Но все было понятно им до поры, пока Адаму не пришло в голову взять тихонечко руку Евы, праздно лежащую на столе рядом с книгой. Шла очередь Евиного чтения, вот Адам и отвлекся. Он взял и накрыл осторожно тихо лежащую руку Евы своей. И подождал немного. Рука не ускользнула. И даже напротив: слегка дрогнули пальцы, будто поздоровались, будто сказали: привет! И Адам забрал эту руку со стола, и опустились обе руки, одна в одной, вниз, на колено к нему. Отпустила Ева свою правую руку погостить в теплой и бережной Адамовой руке. А страницы книги она теперь перелистывала левой, это было не очень сподручно, но возможно. Чтение продолжалось. Только вначале дрогнул голос Евы. А может, и совсем изменился. Но ведь они больше не слышали ее голоса. И смысла длинных, сложных и прекрасных фраз, конечно, тоже больше не понимали. Поэтому можно считать настоящим чудом, что обоим удалось сдать философию на отлично. И за ответ именно по этой книге особенно похвалил Еву преподаватель. Значит, что-то во всем этом было… такое… как бы даже сверхъестественное, если так позволительно назвать те вполне материальные силы и законы человеческой психики, которые просто пока еще не познаны нами.

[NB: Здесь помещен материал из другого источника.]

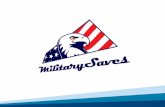 The Military Saves Campaign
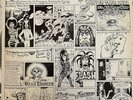 Rolling Stones Winter Tour '73 l All Meat Music TMOQ l Glossy Printed Cover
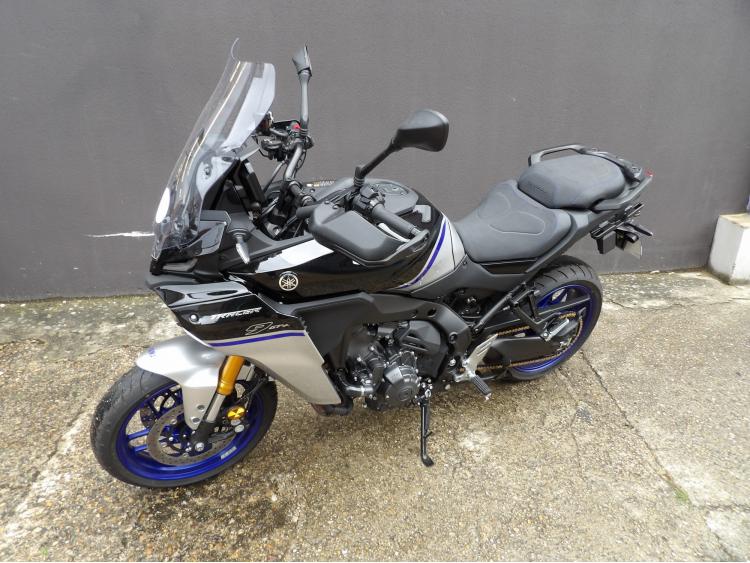 YAMAHA TRACER 9 GT+ Y-AMT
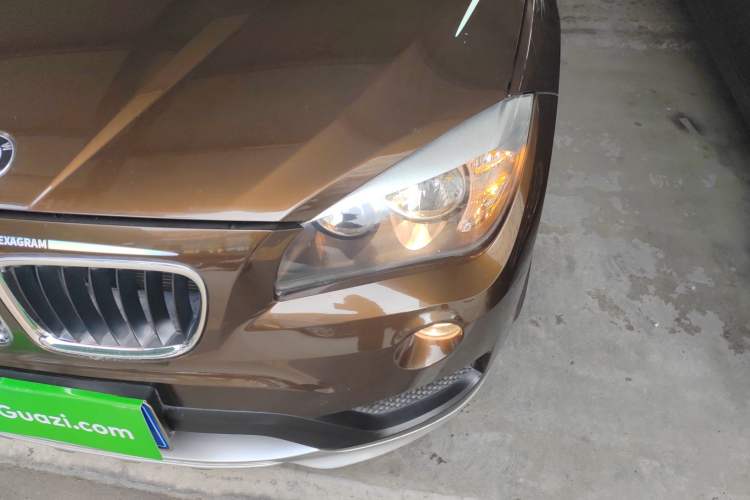 Used BMW X1 2014 sDrive18i Fashion Model
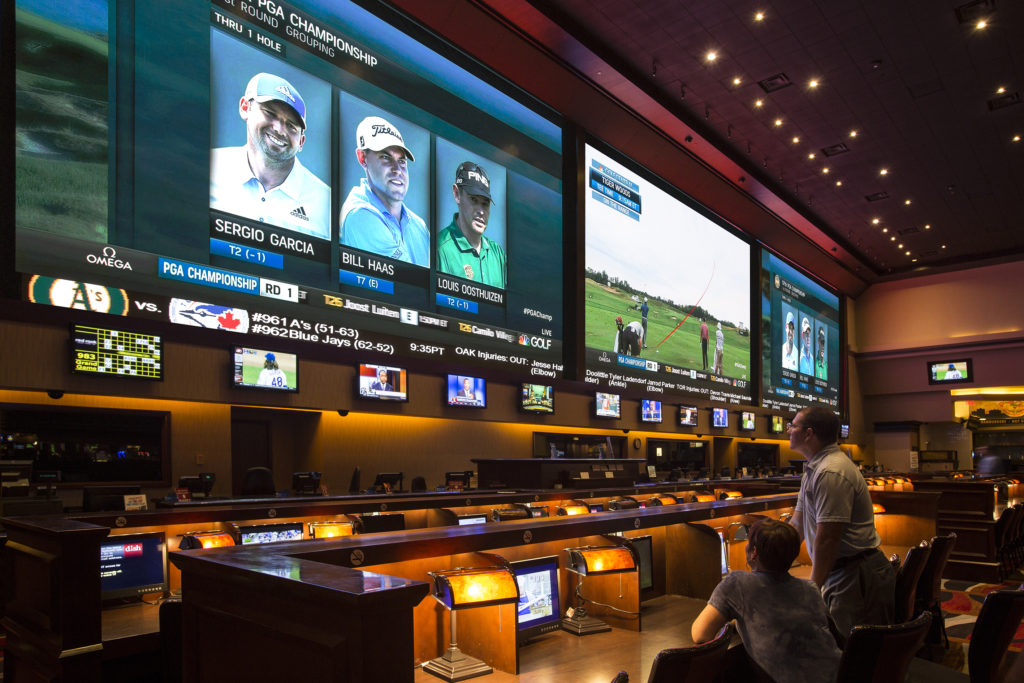 Betting on a boost: how the Supreme Court’s ruling on sports betting could impact the LED display industry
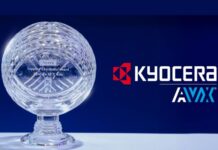 TTI Asia Supplier Excellence Award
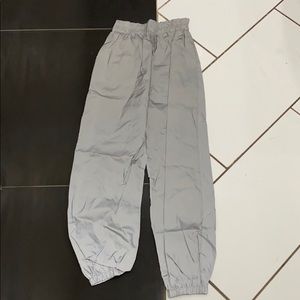 Reflective pants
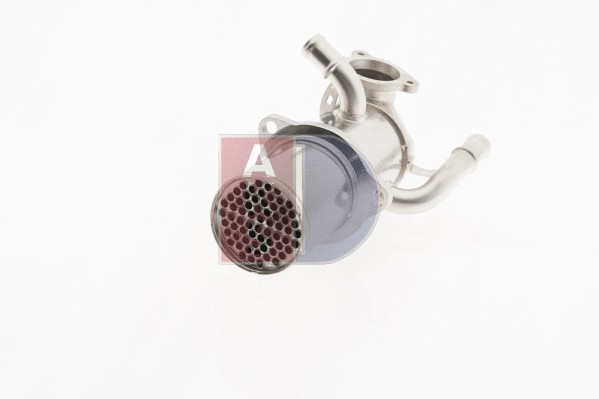 Cooler, exhaust gas recirculation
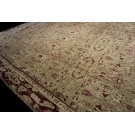 19th Century N. Indian Agra Carpet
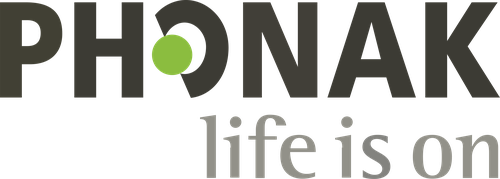Phonak İşitme Cihazları logosu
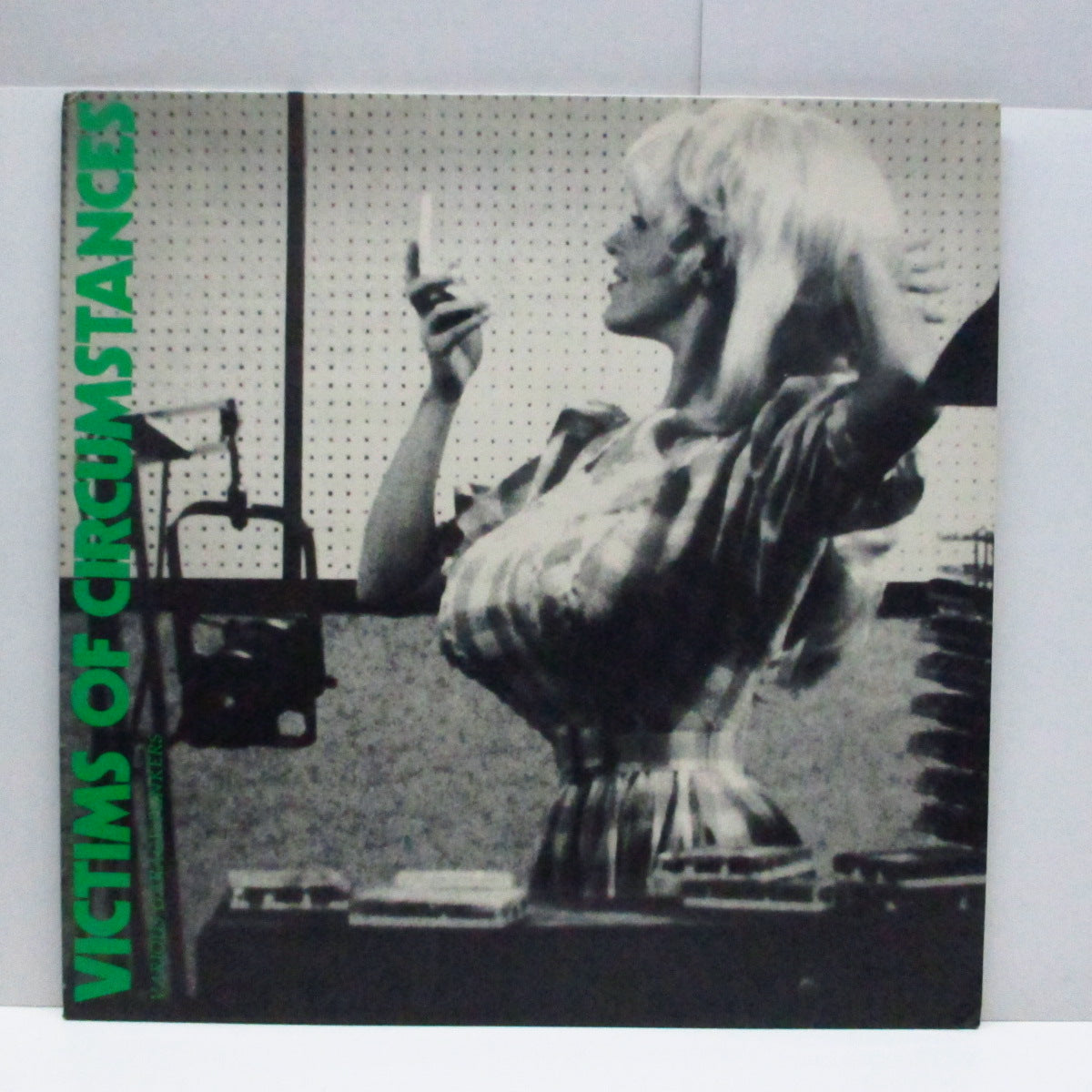 V.A. - Victims Of Circumstances (France Orig.LP)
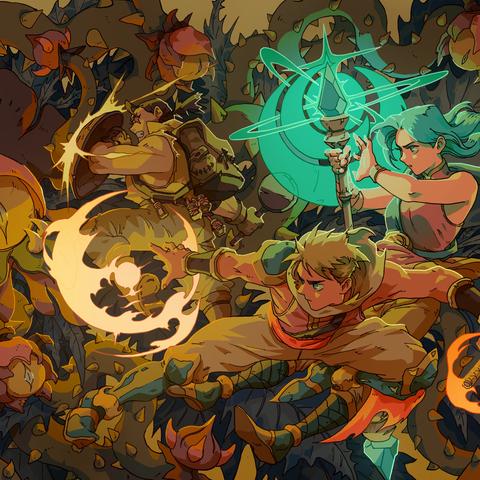 《星之海》评测：突破传统JRPG束缚，探索全新游戏体验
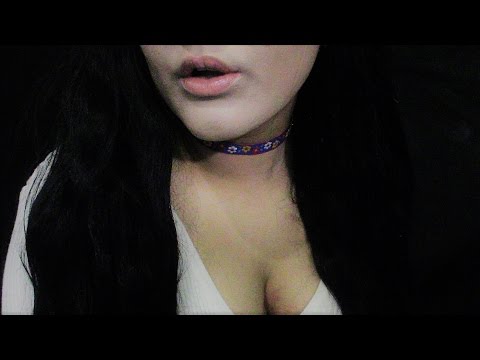 ASMR Eating Your Ears - Mouth Sounds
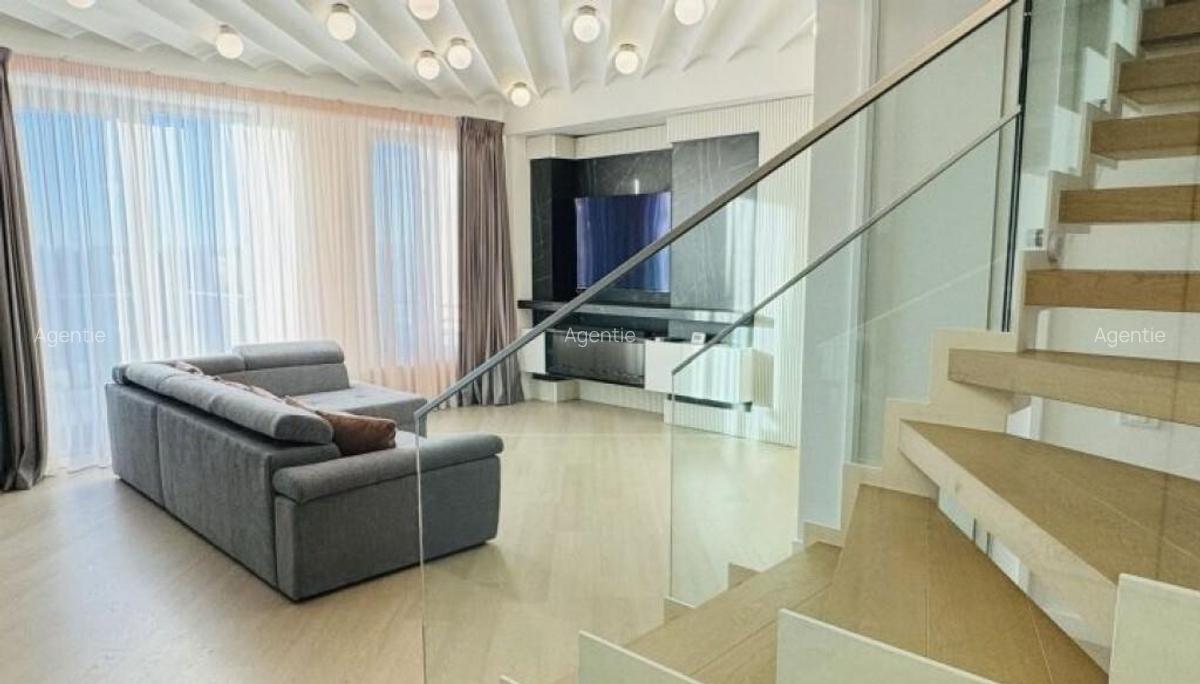 Tineretului,Complex rezidential Delta City. Penthouse! - 2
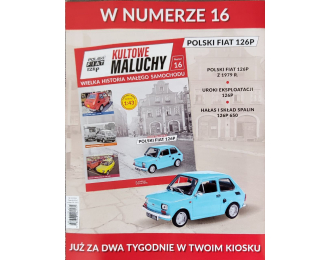 POLSKI FIAT 126P, Kultowe Maluchy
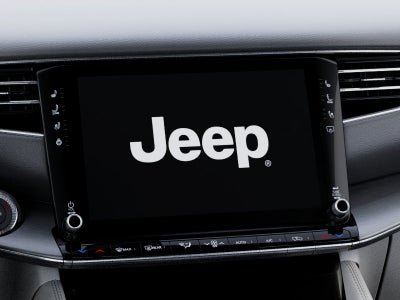 2026 Jeep Grand Wagoneer L GRAND WAGONEER L 4X2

Итак, Ева продолжала читать, не слыша своего голоса и ничего не понимая из прочитанного. Но нельзя было прерывать чтения, чтобы не помешать рукам исследовать друг друга. Это было так важно и так страшно, что нельзя было даже вида подать, будто кто-то что-то заметил, будто что-то происходит. Ибо все, что было Адамом, и все, что было Евой, переселилось в кончики пальцев их рук — правой Евы и левой Адама, упавших на его колено. Пальцы сплетались и расплетались осторожно, медленно, чутко, они боялись пролить, стряхнуть и малую каплю сладостного меда, что закипал и переливался в каждом невидимом нервном волоконце, в каждом тончайшем капилляре кожи, мышц и, кажется, самих костей их рук.